Ford testet selbstfahrende Autos im Schnee

Bei gutem Wetter wird eine 3D-Karte erstellt, damit die Autos auch bei verschneiten Straßenschildern und Fahrbahnen sicher autonom unterwegs sind.

Nach eigenen Angaben wird Ford als erster Pkw-Hersteller selbstfahrende Autos bei Schnee testen. Die Tests werden in der Mcity stattfinden, eine eigens gebaute Ministadt für autonome Autos.

Viele der Systeme in den selbstfahrenden Autos arbeiten mit optischen Sensoren und Kameras, um etwa Straßenschilder und Bodenmarkierungen zu erfassen und entsprechend zu reagieren. Da dies nur bedingt möglich ist, wenn die Straße und Straßenschilder von Schnee bedeckt sind, erprobt Ford zusammen mit der Universität von Michigan eine Lösung für dieses Problem.

Bei gutem Wetter legt das Auto eine 3D-Karte von der Umgebung an, die dann bei schlechtem Wetter abgerufen wird. Vorhandenes Kartenmaterial anderer Anbieter könne laut Ford nicht genutzt werden, da das damit verbundene GPS zur Positionierung zu ungenau sei. Ein paar Meter Abweichung beim GPS könnten ausreichen, um das Auto auf den falschen Fahrstreifen zu lenken.

Die schwierigen Straßenbedingungen aufgrund von Schnee oder Eisregen stellen kein allzu großes Problem für die selbstfahrenden Autos dar.
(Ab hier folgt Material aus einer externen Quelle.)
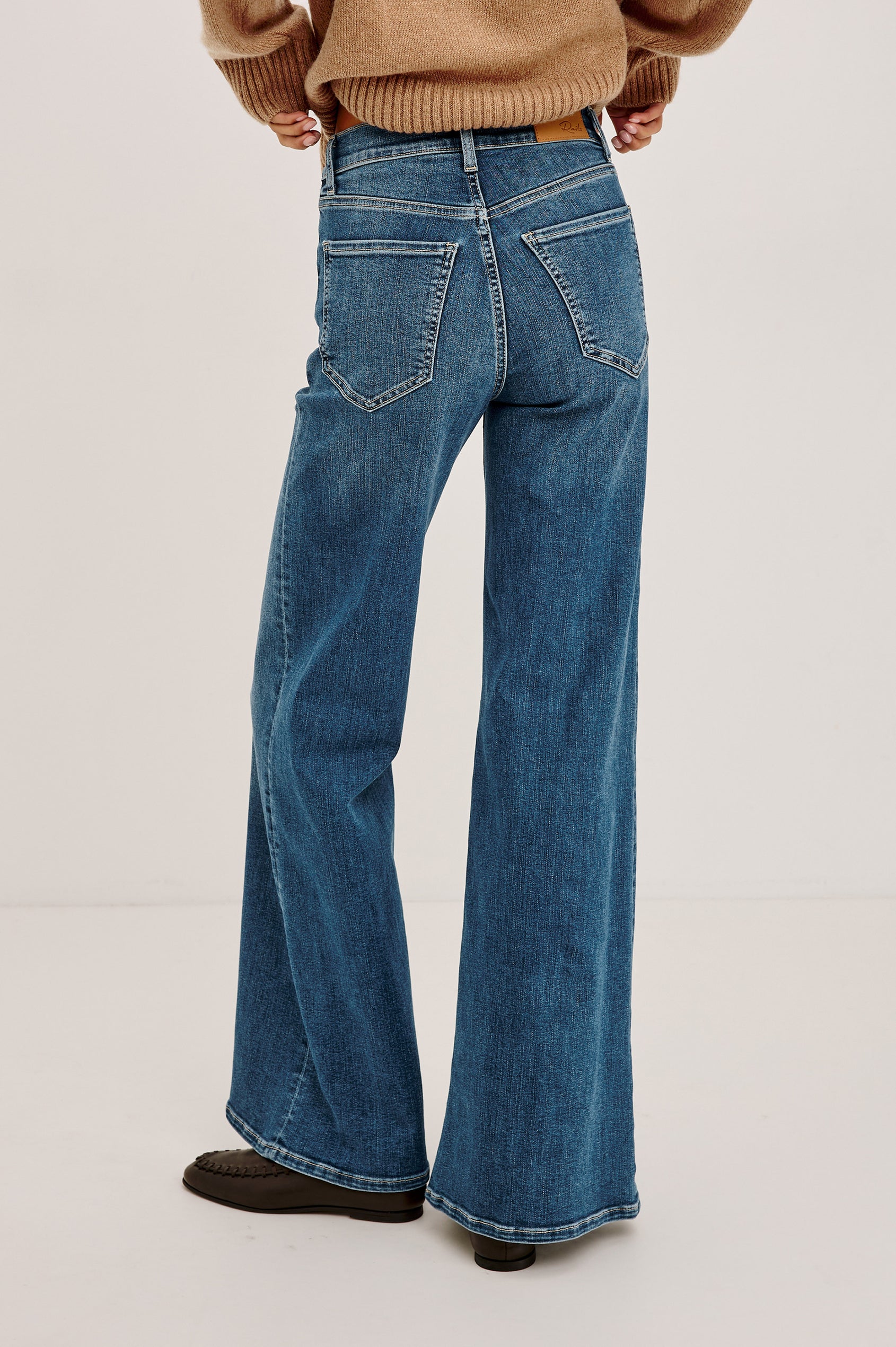 Olivos Palazzo Jean in Super Stretch Denim With High-Rise, Wide Legs, 5-Pockets, and Zip Fly in Lagoon Colorway - Lower Body Back View Featured on Model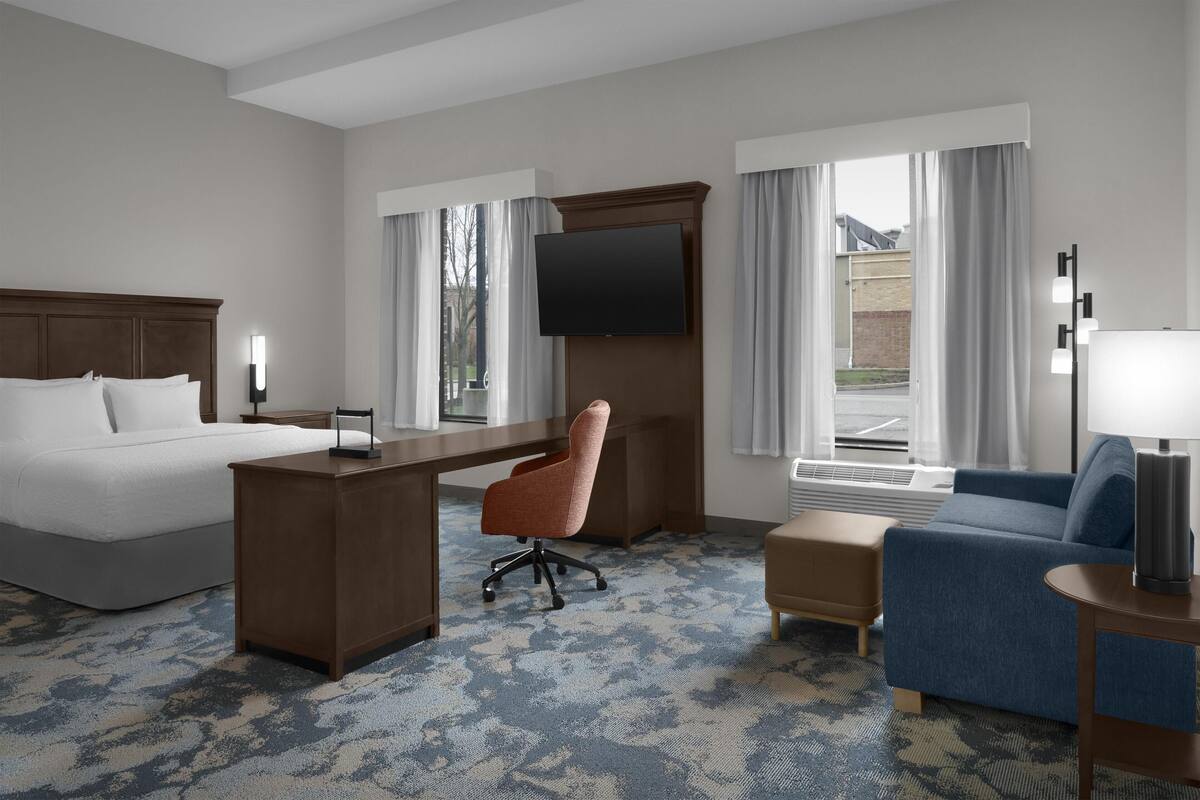 A hotel room with a bed, desk, chair, sofa, and a TV mounted on the wall.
Die Software des Autopiloten arbeitet gezielt mit den üblichen Sicherheitsmaßnahmen, wie ABS, ESC und Traktionskontrolle zusammen. Zukünftig sollen die selbstfahrende Ford-Autos die Wetterbedingungen mit der Leistungsfähigkeit dieser Fahrhilfen abgleichen und so feststellen können, ob es noch sicher ist zu fahren und wenn ja wie lange, falls der Schneefall anhält.